John Bentley Mays—What remains of the original Georgian Bay village of Pointe au Baril—a stately lighthouse, a long-shuttered hotel, a few cottages—is scattered across the islands and headlands of a magnificent drowned landscape. It’s a more rugged, less domestic place than many another in Ontario’s cottage country. It demands an especially good eye for the weather, which can become fierce in a heartbeat, and the practical knowledge that only comes from a lifetime of cottaging on so beautifully dramatic an interface between rock, water, and sky.

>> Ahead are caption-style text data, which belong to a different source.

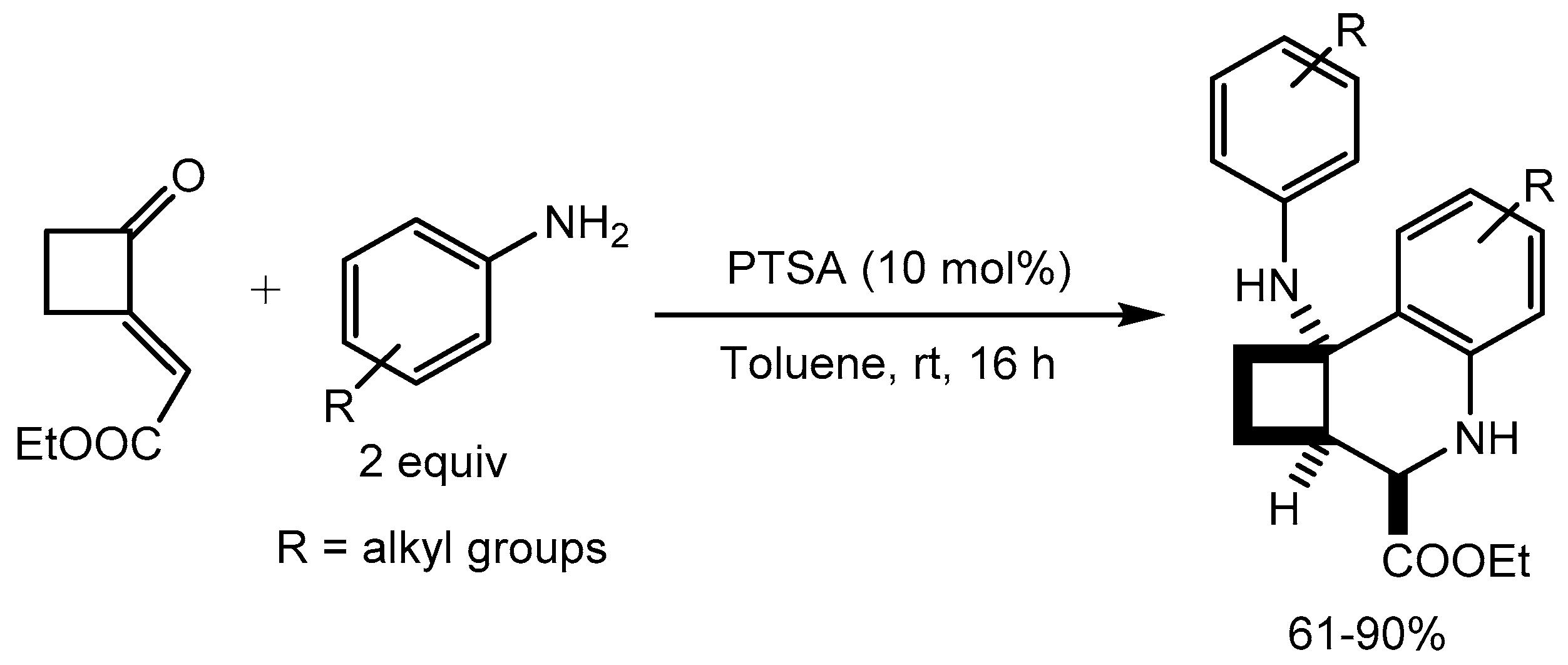 Preprints 104327 sch025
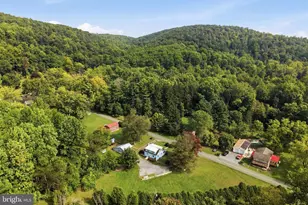 122 Ruppert School Rd, Oley, PA 19547 - Photo 65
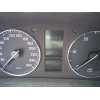 mercedes-benz clase c (w203) berlina del año 2004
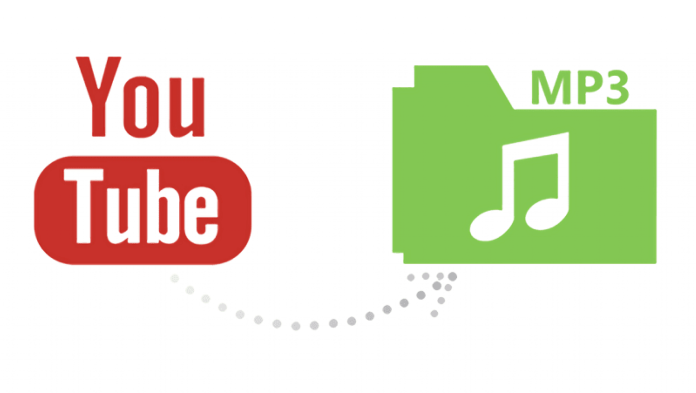 Little Known Ways To Rid Yourself Of YOUTUBE TO MP3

Over many seasons, Georgian Bay has taught its lessons to the Toronto theatre director Molly Thom and to her son, the sculptor and architectural designer Adam Thom. So when Molly asked Adam and his Danish-born wife, Katja Aga Sachse Thom, also an architectural designer, to draw up plans for a family cottage on a 2.8-acre island near Pointe au Baril, she knew what she was getting would be something as unconventional as the natural setting. “It was not to be a monster cottage,” Molly recalls, “but something intimate and comfortable. Not just the view of the sunset and the great storms coming up across the reefs, but of the sheltered bay at the back of the island- that was important to all of us.”

The response of the younger Thoms to Molly’s commission is an unusual summer house that, despite its striking originality and very fresh design, still seems to belong intimately to its site on the long, rocky island’s rough back.

Instead of hoisting it up to the highest available point—the customary manner of placing cottages in the district—the Thoms have nestled the building among the boulders and stone ribs of the island. Nor have they positioned it forward into the wind, to catch the most obvious, wide views of Georgian Bay. The Thoms had designed buildings for two other sites closer to the water, but decided at last to put the cottage at the back of the island, on the more sheltered end that thrusts its sharp prow toward the mainland.

There, a topography more complex than mere water presents itself to the cottage’s windows: a heavily forested stretch of shoreline across the channel formed by narrow LeBlanc Bay, an intriguing watery route into a moist, green realm of marshes and, close by the dining area’s windows, lovely little gardens of moss and weed in crevices carved by rime into the grey rock. “I have been coming to Georgian Bay my whole life,” Adam tells me. “We rented many different cottages when I was young; I got to experience the ways people cottage here, which is such a rich part of the world. The rocks, the wide open skies—such things give this place its edge. We wanted to be on the edge, so we could experience all the weather.” Katja wanted a place to pick blueberries and raspberries, to make pies, and to read—to find the peace, solitude, and expansive natural setting she remembered from a family cottage on a Norwegian fjord. Molly’s requirements were somewhat different: “I wanted somewhere I could entertain my friends,” she says, “sit on the morning deck with coffee, and book and straw hat. I wanted to have a kitchen large enough for three people to prepare a meal. After all, one of the joys of cottaging is everyone mucking in to make a meal.”